Prompt: Would you reproduce every record exactly, leaving out the pictures?

Record extracts below:

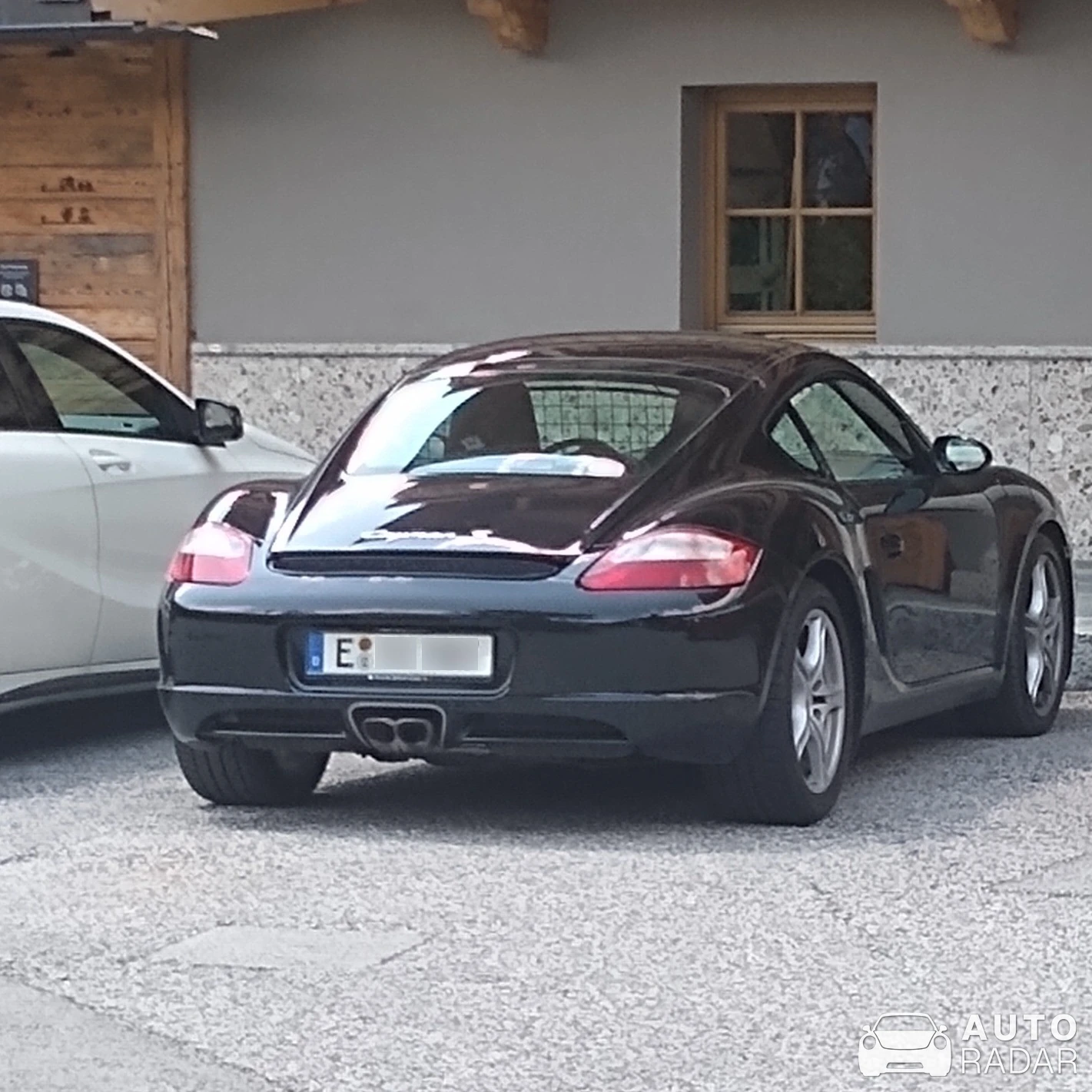 Porsche 987 Cayman S spotted in Mayrhofen, Austria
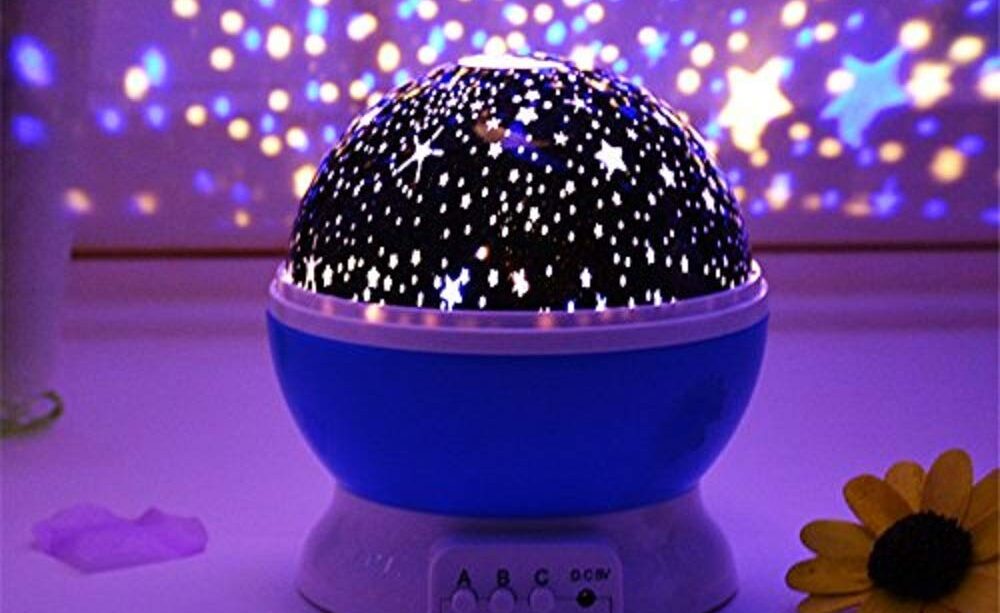 Toy Imagine Star Master Galaxy Night Projector Lamp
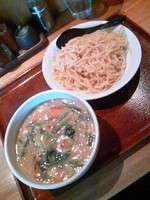 「天心肉つけ麺６９０円」@天心麺（天心ラーメン）の写真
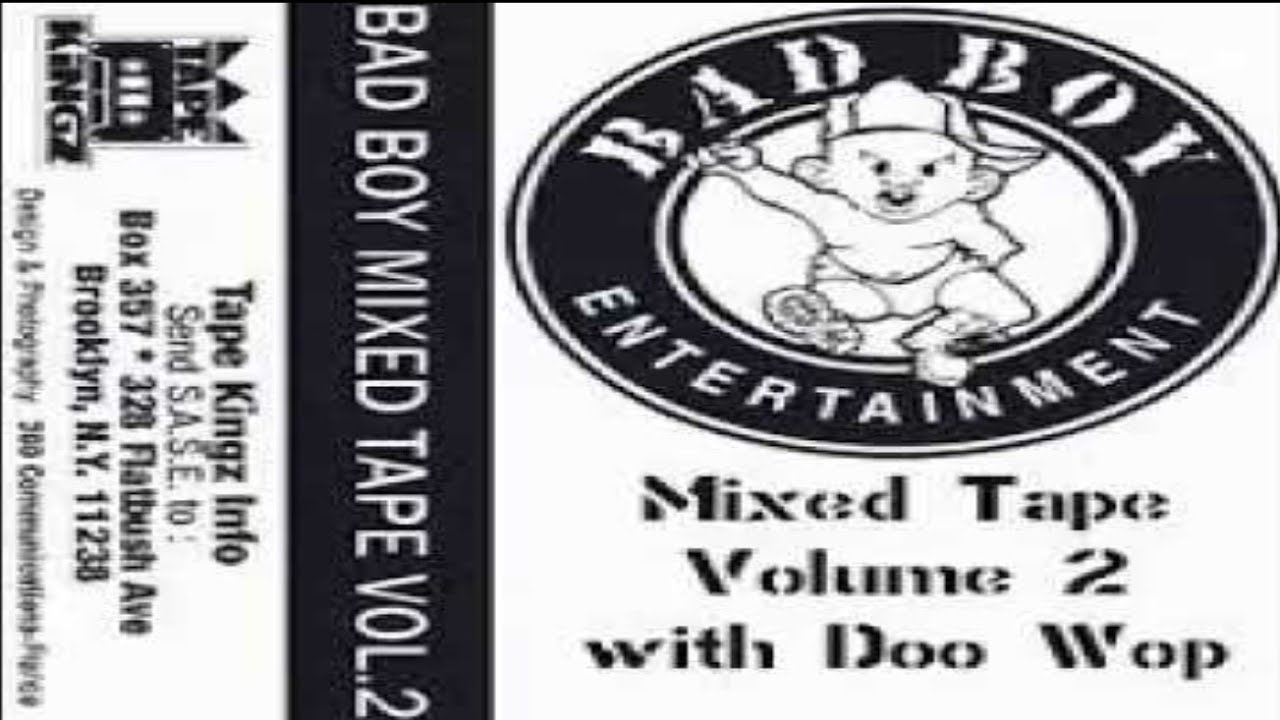 (Classic)🥇Doo Wop Bad Boy Mixtape Vol 2 (1995) Bronx NYC sides A&B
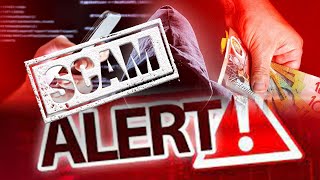 Online Scam Alert Be Careful !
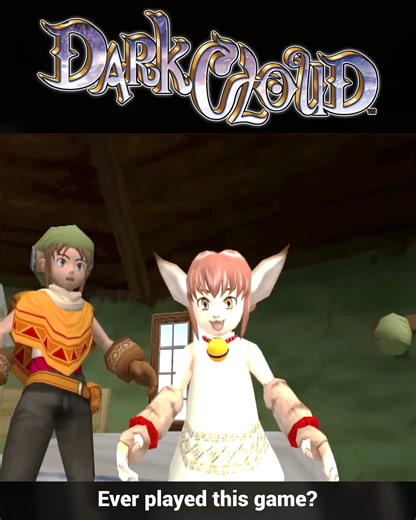 FantasyAnime on Instagram: "Have you played Dark Cloud (PlayStation 2)? Dark Cloud feels like one of those games that still counts as a hidden gem, even though plenty of people know it exists. The combination of dungeon crawling and city building is way more addictive than it sounds on paper. The combat is simple but it feels good, and there’s a strong sense of progress as you upgrade weapons and slowly bring the towns back to life. The characters are charming, and while the story is not doing a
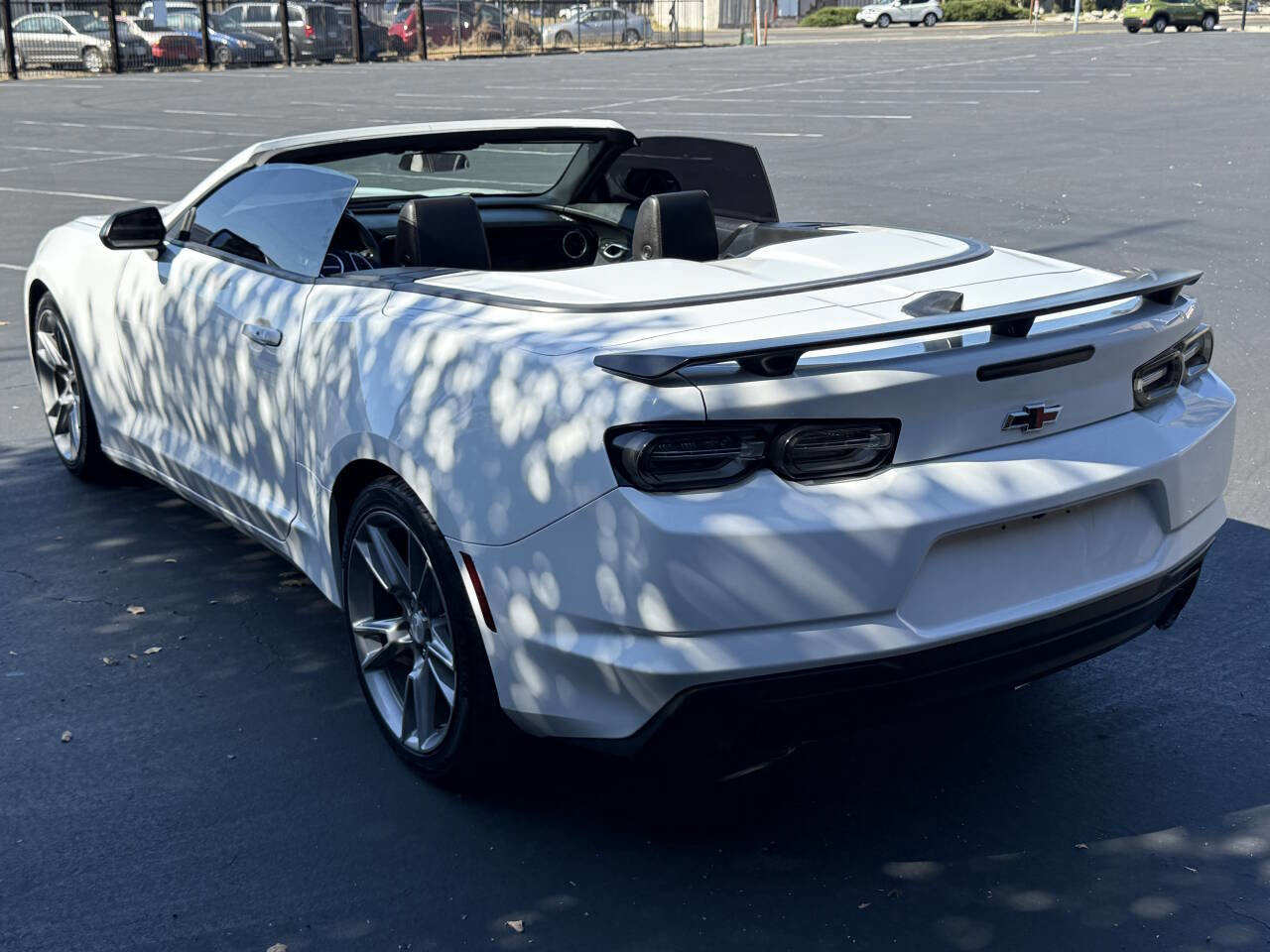 Used 2020 Chevrolet Camaro LT w/ RS Package RWD image 12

End of Record extracts.

Reply:
 Porsche 987 Cayman S spotted in Mayrhofen, Austria
 Toy Imagine Star Master Galaxy Night Projector Lamp
 「天心肉つけ麺６９０円」@天心麺（天心ラーメン）の写真
 (Classic)🥇Doo Wop Bad Boy Mixtape Vol 2 (1995) Bronx NYC sides A&B
 Online Scam Alert Be Careful !
 FantasyAnime on Instagram: "Have you played Dark Cloud (PlayStation 2)? Dark Cloud feels like one of those games that still counts as a hidden gem, even though plenty of people know it exists. The combination of dungeon crawling and city building is way more addictive than it sounds on paper. The combat is simple but it feels good, and there’s a strong sense of progress as you upgrade weapons and slowly bring the towns back to life. The characters are charming, and while the story is not doing a
 Used 2020 Chevrolet Camaro LT w/ RS Package RWD image 12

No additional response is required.